Tired of sniffing milk to know if its still good? Well, those days may be over thanks to new smart tags developed by Chinese scientists.

Researchers from Peking University in Beijing came up with the innovative tags that work like stickers that change color to indicate when food has gone bad, CBS reports. This way you can say goodbye to spoiled milk, sour yogurt and even canned goods that have gone off.

Scientists used tiny compounds made of gold and silver called nanorods, which are naturally red, to create the smart tags. The tags are about the size of a corn kernel and also contain agar agar, vitamin C and acetic and lactic acids. All of these elements interact with each other and overtime change from red (which indicates freshness) to yellow and finally green. (which means the item has spoiled).

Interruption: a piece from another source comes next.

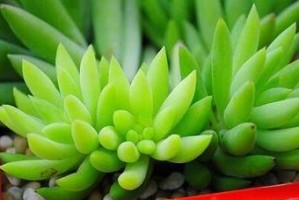 探秘多肉千佛手叶子的妙用（揭秘千佛手叶子的种植技巧与养护方法）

The technology had great results when tested on milk. "We successfully synchronized, at multiple temperatures, the chemical evolution process in the smart tag with microbial growth processes in the milk," lead researcher Dr. Chao Zhang, a scientist at Peking University in Beijjing, said in a statement.

This is great news for chefs and consumers who have long tried to tackle food waste. In Europe, for instance, experts estimate that 50 percent of edible food goes to waste.

In recent years, researchers have battled food waste by developing products like the food huggers, silicone sleeves designed to make food stay fresh longer. It's still uncertain when the smart tags will hit the market but it's fair to say this new technology seems very promising.